● Assigned task
Pictures aside, return all of the records exactly as they stand.
===== Excerpted data =====
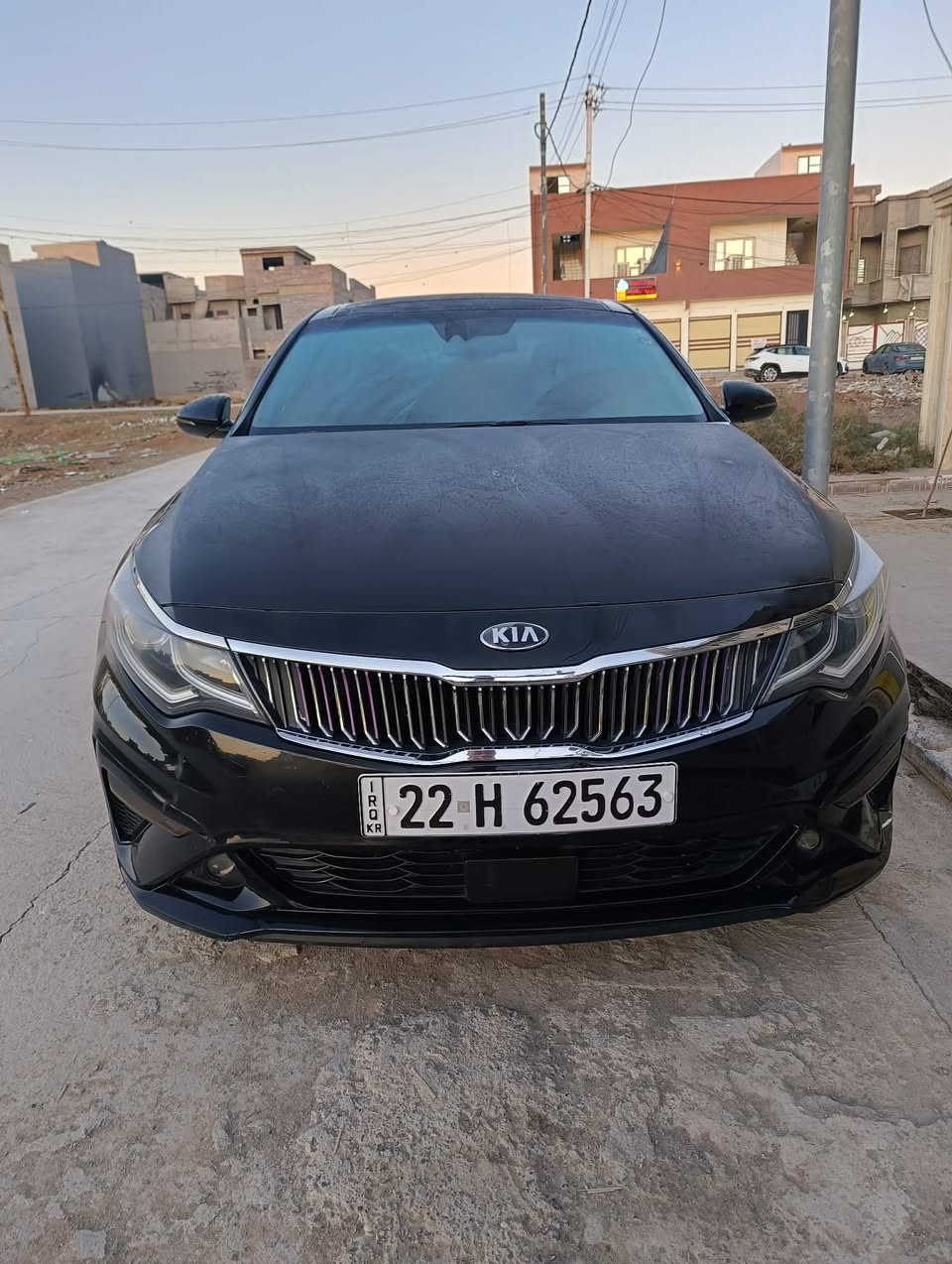 سلام عليكم 
اوبتما 2019
للبيع 
وارد امريكي 
محرك gdi 16 تيربو
فول مواصفات 
اعلى فئة xe
سقف بانوراما
كشنات جلد تبريد وتدفئة
تدفئة بالستيرن
كشنات كهرب خزن
تبريد قطعتين امامي وخلفي
رادار امامي وخلفي وجانبي
حساسات خلفية
صندوق ذكي
انارة ترحيب بالابواب
شاشة عطلات
السيارة باسمنا
سنوية وهزة جديدة 
بدون ضرر بدون صبغ
 فقط تعديل عالبارد دائرة صغيرة
 يم قبغ البانزين
السونر مرفق بالمنشور
مكان السيارة موصل حي الصديق 
شراي اتصل 
***********
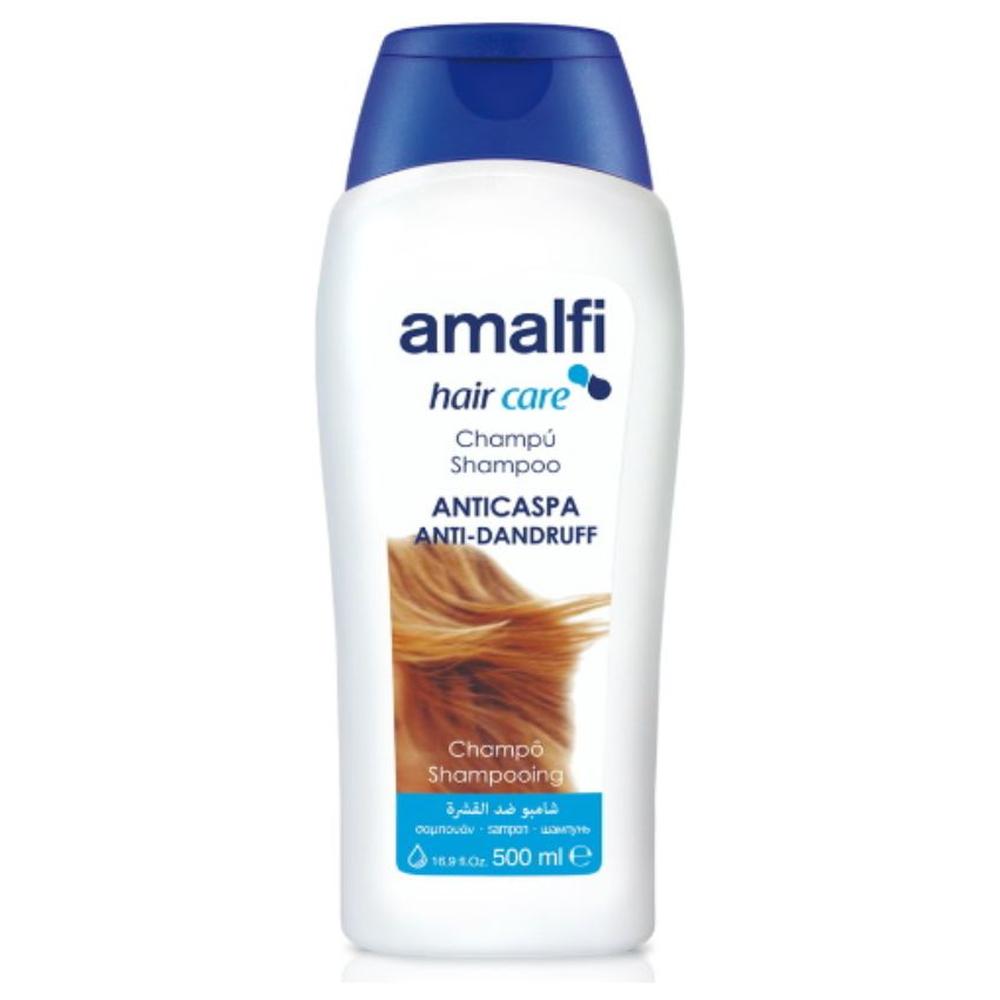 [720271] Shampooing Spécifique Antipelliculaire Amalfi 500ml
=====
● Your solution
 سلام عليكم 
اوبتما 2019
للبيع 
وارد امريكي 
محرك gdi 16 تيربو
فول مواصفات 
اعلى فئة xe
سقف بانوراما
كشنات جلد تبريد وتدفئة
تدفئة بالستيرن
كشنات كهرب خزن
تبريد قطعتين امامي وخلفي
رادار امامي وخلفي وجانبي
حساسات خلفية
صندوق ذكي
انارة ترحيب بالابواب
شاشة عطلات
السيارة باسمنا
سنوية وهزة جديدة 
بدون ضرر بدون صبغ
 فقط تعديل عالبارد دائرة صغيرة
 يم قبغ البانزين
السونر مرفق بالمنشور
مكان السيارة موصل حي الصديق 
شراي اتصل 
***********
 [720271] Shampooing Spécifique Antipelliculaire Amalfi 500ml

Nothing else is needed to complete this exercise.